Portrait of Emre Kiciman

Emre Kiciman

Senior Researcher

About

I am a senior researcher at Microsoft Research in the information and data sciences group.

I’m broadly interested in using social data to help people find what they want and need; and to this end my work drives towards the goal of extracting from social media useful models of how people behave in the world — people’s actions in the world, people’s interactions with each other, and the consequences of people’s decisions. There are three questions I’m addressing with my research:

Foundations and infrastructure for better social media analysis: I’m building tools and frameworks to make it easier and faster for people to deeply analyze and explore social media.
Connecting social media to the real-world: To interpret social media, I work on entity linking and study the systematic biases inherent in social media’s reflection of the world.
Social systems engineering: I’m studying how the affordances and incentives provided by social systems affect the kinds of information we find in social media.

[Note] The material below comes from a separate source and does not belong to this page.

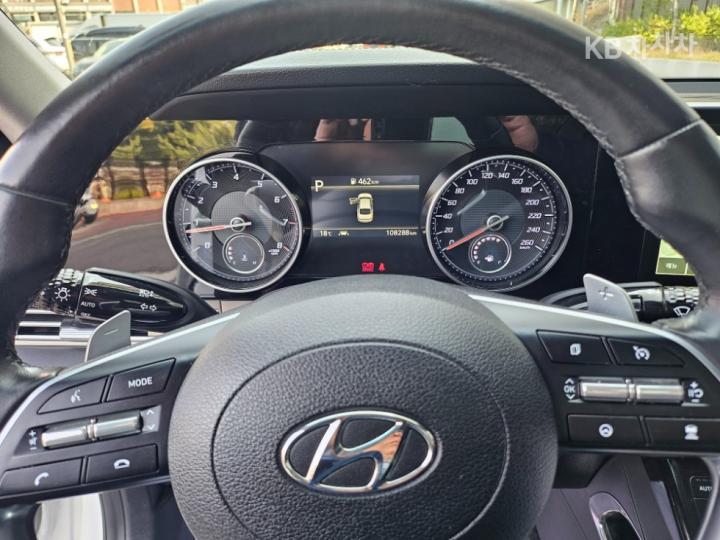 Hyundai Grandeur 2.5 Premium 6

My previous research interests include JavaScript application monitoring and optimization, as well as improving the reliability of Internet services architectures and operations. I received my Ph.D. and my M.S. from Stanford University, and my B.S. in Electrical Engineering and Computer Science from U.C. Berkeley.

Projects

DSoAP – Distributed Social Analytics Platform

Established: June 1, 2015

The Distributed Social Analytics Platform (DSoAP) project is focused on the “Huge Data” problem in social policy research caused by the breadth of data involved. Using aggregate social media data to investigate and validate social issues (such as employment, health and fiscal policy) requires analyzing many months or years of data. DSoAP is applying intelligent compaction, pre-indexing and distribution of data across a server cluster to achieve responsive query times for online data exploration.

Discussion Graph Tool

Established: April 25, 2014

Discussion Graph Tool (DGT) is an easy-to-use analysis tool that provides a domain-specific language extracting co-occurrence relationships from social media and automates the tasks of tracking the context of relationships and other best practices. DGT provides a single-machine implementation, and also generates map-reduce-like programs for distributed, scalable analyses. DGT simplifies social media analysis by making it easy to extract high-level features and co-occurrence relationships from raw data. With just 3-4 simple lines of script, you…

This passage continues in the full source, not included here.